担いだ重みで石が砂利へ、くろこぶし迄くすがる。之を抜きつゝ跳ね上げて堤防を山越えする。横町川岸は、河岸上橋がコンクリだからまだよいが、南は木の仮橋だからベタベタへたって、丁度吊橋渡りだ。

この河岸揚げは、弟子入りしたすぐで河岸揚げ小僧といった、当時力自慢に浜から家まで一気に担ぎ上げたものだ。

小僧等の労力もなみなみでなくこの仕事に耐えかねて、ひそかに里帰りする者が出て来たので、漸く荷車で上げることになった。

車で運ぶ事は、魚が身割れがするので嫌われたものだ。入港船は、朝が多かったのだが漁場の関係者等で、ビリダラ入港出帆の都合で、夜中でも市が立ったものだ。

一旦製造が終わって道具を一切洗ってしまっても、又、鈴を振って知らせに来ると、二度目、三度目の製造もする。一日中安心して、今の様に野球でも等とんでもないことであった。

当時は中宿に(ミツボシ)、南にい社(今の川京の処)、北に (今の北原鉄太郎氏の処)、右三魚会社があり、後日統一合併して〇三焼津水産会社となった。

吉井為策氏を社長に北支店長寺尾虎吉、南支店長松永松之助氏、その他主役に、長谷川安次郎、松村定吉※2 、松村弥兵市、井出辰吉氏の多士済々、発展にこれつとめた。
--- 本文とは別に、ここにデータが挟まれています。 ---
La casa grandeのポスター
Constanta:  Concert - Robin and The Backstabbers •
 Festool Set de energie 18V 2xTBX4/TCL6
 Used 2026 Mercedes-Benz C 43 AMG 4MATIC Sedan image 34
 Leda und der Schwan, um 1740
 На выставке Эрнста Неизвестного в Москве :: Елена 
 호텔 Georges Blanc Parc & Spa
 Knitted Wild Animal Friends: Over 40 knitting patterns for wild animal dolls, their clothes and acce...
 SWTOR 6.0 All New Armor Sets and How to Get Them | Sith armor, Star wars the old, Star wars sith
夢のように覚えているのは現在の石堤、以前は杭堤防で、上図のように土で盛り上げ防波堤だった。この堤の上に河原豌豆や河原舞子、ひるがをが這っていたほんの一部分を覚えている。

吾々はしらないが石津浜から磯馴松がこの堤防を延々長蛇して現に下田桜の中にはにはその一部が老松となって昔時を物語っている。

今の船玉大明神の川を隔てて浜側に舟月という旅館があり(旧魚市場売場)やはり河原舞子、昼がをで一面の緑地砂丘がありこの新屋海岸の広さは今人の想像にも及ばぬ広莫で引網で毎日漁り巷人の味覚をそそった。